[Dataset excerpts]
*** Block opens ***

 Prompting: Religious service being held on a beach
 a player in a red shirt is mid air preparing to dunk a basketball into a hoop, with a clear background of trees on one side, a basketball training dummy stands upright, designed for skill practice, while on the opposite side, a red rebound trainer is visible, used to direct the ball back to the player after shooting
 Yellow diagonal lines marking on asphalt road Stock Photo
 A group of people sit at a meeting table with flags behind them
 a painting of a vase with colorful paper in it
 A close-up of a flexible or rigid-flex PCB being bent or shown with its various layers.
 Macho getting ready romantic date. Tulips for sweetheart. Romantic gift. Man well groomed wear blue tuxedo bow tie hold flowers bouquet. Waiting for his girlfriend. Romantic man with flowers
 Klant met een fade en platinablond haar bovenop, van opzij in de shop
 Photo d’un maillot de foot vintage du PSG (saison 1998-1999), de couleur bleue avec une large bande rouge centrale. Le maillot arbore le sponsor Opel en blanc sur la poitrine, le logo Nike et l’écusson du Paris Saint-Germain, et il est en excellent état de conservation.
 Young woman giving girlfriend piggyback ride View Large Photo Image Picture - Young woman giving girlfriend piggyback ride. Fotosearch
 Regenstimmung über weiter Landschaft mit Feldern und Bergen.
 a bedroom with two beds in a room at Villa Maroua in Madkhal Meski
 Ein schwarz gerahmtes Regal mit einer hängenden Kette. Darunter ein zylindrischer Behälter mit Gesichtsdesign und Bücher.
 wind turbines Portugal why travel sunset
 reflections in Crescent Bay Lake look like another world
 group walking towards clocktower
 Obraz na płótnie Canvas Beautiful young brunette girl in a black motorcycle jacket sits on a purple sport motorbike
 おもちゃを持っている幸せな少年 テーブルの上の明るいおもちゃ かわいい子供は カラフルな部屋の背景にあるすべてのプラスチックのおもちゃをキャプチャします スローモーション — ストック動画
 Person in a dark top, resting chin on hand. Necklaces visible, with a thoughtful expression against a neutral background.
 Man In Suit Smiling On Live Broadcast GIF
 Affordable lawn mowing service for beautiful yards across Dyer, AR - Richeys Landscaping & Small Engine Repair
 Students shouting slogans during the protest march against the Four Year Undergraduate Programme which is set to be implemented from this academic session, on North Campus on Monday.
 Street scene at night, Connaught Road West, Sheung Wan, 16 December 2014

*** Block closes ***

## PROBLEM STATEMENT:
All lines above from the one holding "group walking towards clocktower" to the one holding "おもちゃを持っている幸せな少年 テーブルの上の明るいおもちゃ かわいい子供は", inclusive, are to be copied exactly; no other line is wanted.

## REPLY TO THE TASK:
 group walking towards clocktower
 Obraz na płótnie Canvas Beautiful young brunette girl in a black motorcycle jacket sits on a purple sport motorbike
 おもちゃを持っている幸せな少年 テーブルの上の明るいおもちゃ かわいい子供は カラフルな部屋の背景にあるすべてのプラスチックのおもちゃをキャプチャします スローモーション — ストック動画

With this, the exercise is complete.